● DIRECTIONS FOR THIS TASK:
Print exactly, and only, the lines from the one that has "this 640×480 image." through the end of the material below, with both ends included and the pictures omitted.

● DATA FOR REVIEW:
◇ ◇ ◇ ◇ ◇

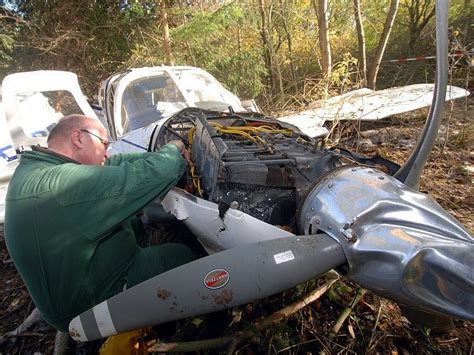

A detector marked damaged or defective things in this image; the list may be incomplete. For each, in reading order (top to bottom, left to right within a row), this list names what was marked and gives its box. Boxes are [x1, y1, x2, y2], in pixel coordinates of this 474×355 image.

shattered windshield [121, 73, 186, 133]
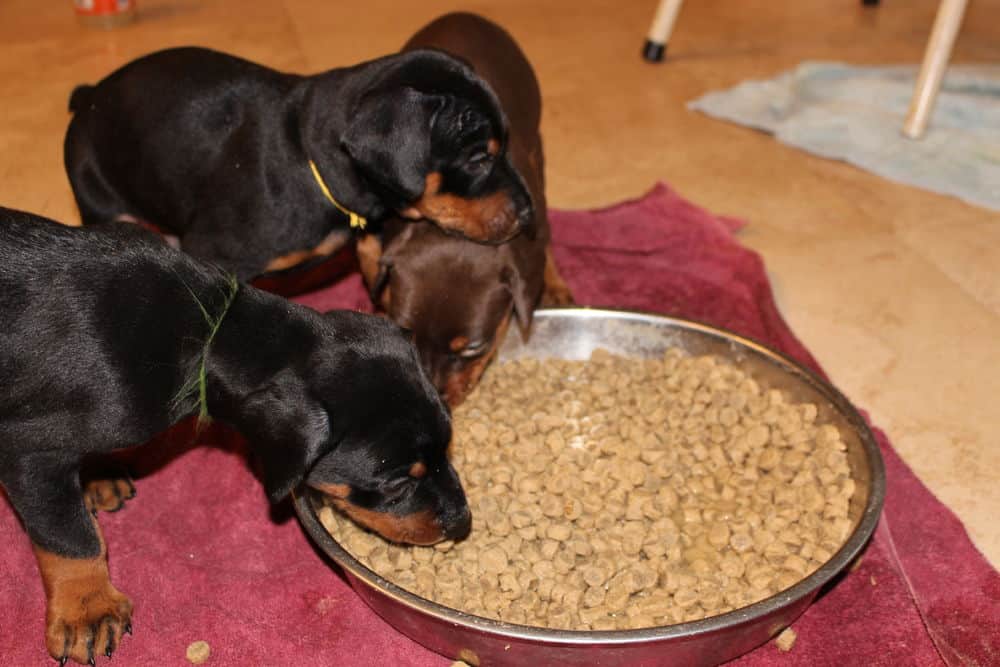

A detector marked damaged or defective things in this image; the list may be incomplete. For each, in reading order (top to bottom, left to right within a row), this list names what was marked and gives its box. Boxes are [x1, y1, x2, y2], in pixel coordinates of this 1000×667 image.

red and rust puppy [62, 43, 532, 280]
red and rust puppy [362, 13, 576, 404]
red and rust puppy [0, 207, 468, 664]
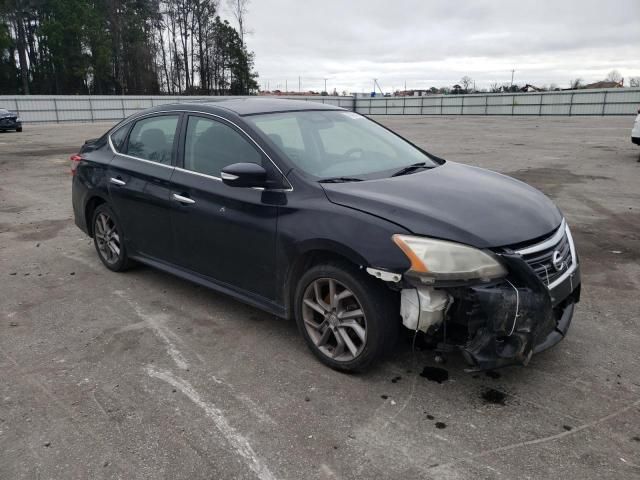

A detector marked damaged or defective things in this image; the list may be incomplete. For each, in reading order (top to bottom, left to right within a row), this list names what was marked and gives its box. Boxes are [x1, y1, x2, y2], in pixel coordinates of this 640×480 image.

cracked asphalt lot [1, 117, 640, 480]
exposed headlight housing [392, 235, 508, 284]
front end damage [376, 223, 580, 370]
damaged front bumper [396, 248, 580, 372]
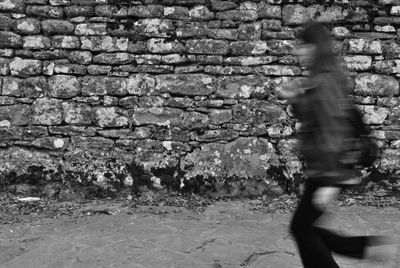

◇ ◇ ◇ ◇ ◇

● ANSWER AREA:
A detector marked damaged or defective things in this image; the list may be incomplete. For each, in reading order (top to bottom, left to right within a row), this list names what was marked and gives its box. Boxes are [x1, y1, x2, y2], in pixel coordinates of this 640×480 image.

cracked asphalt lot [1, 117, 640, 480]
exposed headlight housing [392, 235, 508, 284]
front end damage [376, 223, 580, 370]
damaged front bumper [396, 248, 580, 372]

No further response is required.